## Task statement
Copy the listing below line for line, starting at its first line and ending with the line that has "Nitro Yellow Metallic" in it. Add nothing.

## The data
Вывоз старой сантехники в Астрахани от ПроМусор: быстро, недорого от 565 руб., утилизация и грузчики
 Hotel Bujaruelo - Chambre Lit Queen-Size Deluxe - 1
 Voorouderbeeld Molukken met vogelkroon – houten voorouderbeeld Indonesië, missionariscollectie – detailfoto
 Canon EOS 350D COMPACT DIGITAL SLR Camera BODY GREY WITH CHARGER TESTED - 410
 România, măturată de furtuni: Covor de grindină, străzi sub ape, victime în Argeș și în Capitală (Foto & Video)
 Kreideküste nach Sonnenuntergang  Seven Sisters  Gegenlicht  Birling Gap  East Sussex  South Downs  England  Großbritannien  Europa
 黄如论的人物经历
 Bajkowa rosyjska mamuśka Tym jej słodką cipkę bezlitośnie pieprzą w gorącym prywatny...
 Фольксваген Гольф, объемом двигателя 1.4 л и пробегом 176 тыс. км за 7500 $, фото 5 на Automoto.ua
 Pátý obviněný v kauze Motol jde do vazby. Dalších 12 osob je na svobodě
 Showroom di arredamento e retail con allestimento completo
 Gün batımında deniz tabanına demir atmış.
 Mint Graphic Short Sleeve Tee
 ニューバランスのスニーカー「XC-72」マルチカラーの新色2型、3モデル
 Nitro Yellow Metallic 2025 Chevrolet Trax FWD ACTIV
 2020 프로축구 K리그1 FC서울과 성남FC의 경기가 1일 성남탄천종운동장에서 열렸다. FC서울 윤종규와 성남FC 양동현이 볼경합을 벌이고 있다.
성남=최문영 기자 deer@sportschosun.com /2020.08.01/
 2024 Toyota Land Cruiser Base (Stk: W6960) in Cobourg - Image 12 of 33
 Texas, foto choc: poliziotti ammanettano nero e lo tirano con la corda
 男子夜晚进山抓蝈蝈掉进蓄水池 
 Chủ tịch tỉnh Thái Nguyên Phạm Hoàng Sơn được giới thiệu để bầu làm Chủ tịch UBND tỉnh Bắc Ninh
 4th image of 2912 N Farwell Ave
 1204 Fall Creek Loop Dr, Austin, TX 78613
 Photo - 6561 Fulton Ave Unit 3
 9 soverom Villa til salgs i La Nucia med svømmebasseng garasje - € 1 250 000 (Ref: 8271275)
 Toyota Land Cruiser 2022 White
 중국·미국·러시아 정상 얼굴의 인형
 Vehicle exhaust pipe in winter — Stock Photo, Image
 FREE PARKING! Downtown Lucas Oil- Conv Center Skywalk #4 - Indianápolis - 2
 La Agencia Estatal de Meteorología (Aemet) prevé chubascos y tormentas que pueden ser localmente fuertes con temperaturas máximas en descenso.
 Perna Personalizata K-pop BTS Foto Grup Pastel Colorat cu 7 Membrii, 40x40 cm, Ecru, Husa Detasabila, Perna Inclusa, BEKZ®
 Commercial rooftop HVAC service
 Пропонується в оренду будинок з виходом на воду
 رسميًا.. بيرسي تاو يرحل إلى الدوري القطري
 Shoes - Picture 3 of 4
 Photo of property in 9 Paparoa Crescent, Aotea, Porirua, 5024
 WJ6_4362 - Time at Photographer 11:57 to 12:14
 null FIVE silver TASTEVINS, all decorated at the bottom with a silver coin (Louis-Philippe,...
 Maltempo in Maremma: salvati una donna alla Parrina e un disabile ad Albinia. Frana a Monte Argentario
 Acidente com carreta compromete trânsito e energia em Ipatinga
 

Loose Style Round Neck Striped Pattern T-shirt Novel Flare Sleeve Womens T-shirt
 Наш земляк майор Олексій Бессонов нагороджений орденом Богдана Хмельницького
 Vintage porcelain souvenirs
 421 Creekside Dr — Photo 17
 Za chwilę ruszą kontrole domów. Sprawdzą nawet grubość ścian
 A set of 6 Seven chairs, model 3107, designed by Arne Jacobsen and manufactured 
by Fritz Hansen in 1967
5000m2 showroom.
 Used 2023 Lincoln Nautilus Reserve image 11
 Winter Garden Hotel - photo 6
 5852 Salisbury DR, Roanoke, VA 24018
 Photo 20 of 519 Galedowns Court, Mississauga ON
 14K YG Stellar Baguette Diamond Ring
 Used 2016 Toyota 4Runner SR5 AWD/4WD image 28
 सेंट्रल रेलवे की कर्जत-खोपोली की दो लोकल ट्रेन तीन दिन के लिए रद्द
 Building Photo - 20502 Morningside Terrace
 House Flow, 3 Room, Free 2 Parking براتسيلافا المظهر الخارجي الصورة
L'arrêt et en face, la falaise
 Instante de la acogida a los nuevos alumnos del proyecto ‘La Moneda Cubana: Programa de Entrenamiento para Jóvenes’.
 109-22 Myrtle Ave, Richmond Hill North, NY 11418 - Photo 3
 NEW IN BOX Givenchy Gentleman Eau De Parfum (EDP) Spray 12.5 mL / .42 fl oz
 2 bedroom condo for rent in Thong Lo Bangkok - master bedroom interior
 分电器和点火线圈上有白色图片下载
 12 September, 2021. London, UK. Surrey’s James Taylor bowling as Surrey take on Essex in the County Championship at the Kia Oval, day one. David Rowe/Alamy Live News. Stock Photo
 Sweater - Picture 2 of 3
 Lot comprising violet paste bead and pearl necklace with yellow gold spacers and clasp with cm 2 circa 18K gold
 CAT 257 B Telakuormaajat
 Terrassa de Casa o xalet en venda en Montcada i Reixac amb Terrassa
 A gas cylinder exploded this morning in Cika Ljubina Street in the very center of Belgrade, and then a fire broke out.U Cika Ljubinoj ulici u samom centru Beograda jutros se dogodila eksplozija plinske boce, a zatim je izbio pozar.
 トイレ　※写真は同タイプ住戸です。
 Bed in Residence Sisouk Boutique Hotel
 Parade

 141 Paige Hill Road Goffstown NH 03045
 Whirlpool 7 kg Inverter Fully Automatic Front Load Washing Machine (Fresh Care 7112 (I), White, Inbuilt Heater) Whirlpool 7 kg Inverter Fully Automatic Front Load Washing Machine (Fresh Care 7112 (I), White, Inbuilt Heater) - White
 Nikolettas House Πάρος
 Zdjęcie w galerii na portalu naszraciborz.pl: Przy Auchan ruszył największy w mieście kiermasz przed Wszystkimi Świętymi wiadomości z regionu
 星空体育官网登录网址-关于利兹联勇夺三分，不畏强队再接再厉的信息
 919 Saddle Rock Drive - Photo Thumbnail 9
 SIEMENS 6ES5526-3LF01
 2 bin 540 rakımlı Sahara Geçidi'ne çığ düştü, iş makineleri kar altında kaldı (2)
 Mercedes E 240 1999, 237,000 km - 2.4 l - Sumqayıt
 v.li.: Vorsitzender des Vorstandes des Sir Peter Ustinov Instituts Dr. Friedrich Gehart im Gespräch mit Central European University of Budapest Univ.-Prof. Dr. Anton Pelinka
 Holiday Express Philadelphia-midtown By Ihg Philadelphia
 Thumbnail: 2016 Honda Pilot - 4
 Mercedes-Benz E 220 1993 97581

## Answer below
Вывоз старой сантехники в Астрахани от ПроМусор: быстро, недорого от 565 руб., утилизация и грузчики
 Hotel Bujaruelo - Chambre Lit Queen-Size Deluxe - 1
 Voorouderbeeld Molukken met vogelkroon – houten voorouderbeeld Indonesië, missionariscollectie – detailfoto
 Canon EOS 350D COMPACT DIGITAL SLR Camera BODY GREY WITH CHARGER TESTED - 410
 România, măturată de furtuni: Covor de grindină, străzi sub ape, victime în Argeș și în Capitală (Foto & Video)
 Kreideküste nach Sonnenuntergang  Seven Sisters  Gegenlicht  Birling Gap  East Sussex  South Downs  England  Großbritannien  Europa
 黄如论的人物经历
 Bajkowa rosyjska mamuśka Tym jej słodką cipkę bezlitośnie pieprzą w gorącym prywatny...
 Фольксваген Гольф, объемом двигателя 1.4 л и пробегом 176 тыс. км за 7500 $, фото 5 на Automoto.ua
 Pátý obviněný v kauze Motol jde do vazby. Dalších 12 osob je na svobodě
 Showroom di arredamento e retail con allestimento completo
 Gün batımında deniz tabanına demir atmış.
 Mint Graphic Short Sleeve Tee
 ニューバランスのスニーカー「XC-72」マルチカラーの新色2型、3モデル
 Nitro Yellow Metallic 2025 Chevrolet Trax FWD ACTIV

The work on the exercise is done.